How many moles of H_2 are needed to produce 13.27g of NH_3?
well one mole of NH3 has 3 moles of H
1 mole of H2 has 2 moles of H
each mole of NH3 requires 3/2 moles of H2
mol wt of NH3 = 14 + 3*1 = 17
so you need 3/2 * (13.27 / 17) = 1.17
To find how many moles of H2 are needed to produce 13.27g of NH3, we need to use the balanced chemical equation for the reaction.

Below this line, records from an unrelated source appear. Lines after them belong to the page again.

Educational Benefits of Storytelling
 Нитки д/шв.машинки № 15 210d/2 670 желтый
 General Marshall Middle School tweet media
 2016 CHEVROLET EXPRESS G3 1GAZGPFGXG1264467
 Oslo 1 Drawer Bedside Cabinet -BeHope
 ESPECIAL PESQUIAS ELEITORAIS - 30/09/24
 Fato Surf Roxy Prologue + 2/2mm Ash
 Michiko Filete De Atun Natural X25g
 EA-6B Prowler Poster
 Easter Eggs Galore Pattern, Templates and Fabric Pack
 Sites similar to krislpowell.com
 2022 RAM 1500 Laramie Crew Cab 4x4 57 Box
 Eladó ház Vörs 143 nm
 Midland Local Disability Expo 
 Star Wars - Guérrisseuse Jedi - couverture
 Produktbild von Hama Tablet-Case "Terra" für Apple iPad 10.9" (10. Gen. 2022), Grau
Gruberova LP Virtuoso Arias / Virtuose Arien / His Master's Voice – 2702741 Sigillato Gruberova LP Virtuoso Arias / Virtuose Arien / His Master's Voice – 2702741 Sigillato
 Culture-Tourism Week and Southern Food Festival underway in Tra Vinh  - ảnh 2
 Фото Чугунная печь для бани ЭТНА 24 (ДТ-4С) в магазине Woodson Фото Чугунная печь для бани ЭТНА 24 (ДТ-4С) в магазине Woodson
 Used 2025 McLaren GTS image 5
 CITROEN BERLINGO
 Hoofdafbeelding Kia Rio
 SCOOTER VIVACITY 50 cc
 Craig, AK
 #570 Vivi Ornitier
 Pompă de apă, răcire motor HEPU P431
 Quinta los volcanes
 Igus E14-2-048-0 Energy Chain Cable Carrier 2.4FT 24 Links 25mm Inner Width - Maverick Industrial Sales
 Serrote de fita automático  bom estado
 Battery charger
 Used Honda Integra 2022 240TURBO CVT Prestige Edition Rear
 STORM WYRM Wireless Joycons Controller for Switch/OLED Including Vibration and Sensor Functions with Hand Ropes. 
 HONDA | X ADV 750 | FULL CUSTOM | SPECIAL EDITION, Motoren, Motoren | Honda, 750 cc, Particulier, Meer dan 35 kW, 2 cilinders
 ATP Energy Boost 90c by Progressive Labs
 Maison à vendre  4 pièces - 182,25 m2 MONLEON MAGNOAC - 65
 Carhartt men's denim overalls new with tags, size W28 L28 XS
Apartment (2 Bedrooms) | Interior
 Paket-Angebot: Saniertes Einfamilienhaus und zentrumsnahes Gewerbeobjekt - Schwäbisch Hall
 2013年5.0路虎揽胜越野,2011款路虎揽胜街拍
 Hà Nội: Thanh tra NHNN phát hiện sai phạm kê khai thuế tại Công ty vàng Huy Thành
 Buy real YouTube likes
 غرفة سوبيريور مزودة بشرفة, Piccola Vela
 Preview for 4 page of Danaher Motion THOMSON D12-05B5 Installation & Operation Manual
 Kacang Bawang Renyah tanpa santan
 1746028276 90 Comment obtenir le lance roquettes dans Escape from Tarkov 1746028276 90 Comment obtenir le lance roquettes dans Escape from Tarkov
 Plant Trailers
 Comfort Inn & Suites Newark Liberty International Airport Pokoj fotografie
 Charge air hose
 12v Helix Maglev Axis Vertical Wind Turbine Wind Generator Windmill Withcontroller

The balanced chemical equation for the reaction between H2 and NH3 is:
3H2 + N2 -> 2NH3
From the balanced equation, we can see that it takes 3 moles of H2 to produce 2 moles of NH3.
To find the number of moles of H2 needed, we can use the following calculation:
moles of H2 = (mass of NH3 * moles of H2 in the balanced equation) / molar mass of NH3
First, calculate the molar mass of NH3:
N has a molar mass of 14.01 g/mol
H has a molar mass of 1.01 g/mol (there are 3 H atoms in NH3)
So, the molar mass of NH3 is:
(14.01 g/mol) + (3 * 1.01 g/mol) = 17.04 g/mol
Now, plug in the values into the formula:
moles of H2 = (13.27g * 3/2) / 17.04 g/mol
Calculate the moles of H2:
(13.27g * 3/2) / 17.04 g/mol ≈ 2.47 moles
Therefore, approximately 2.47 moles of H2 are needed to produce 13.27g of NH3.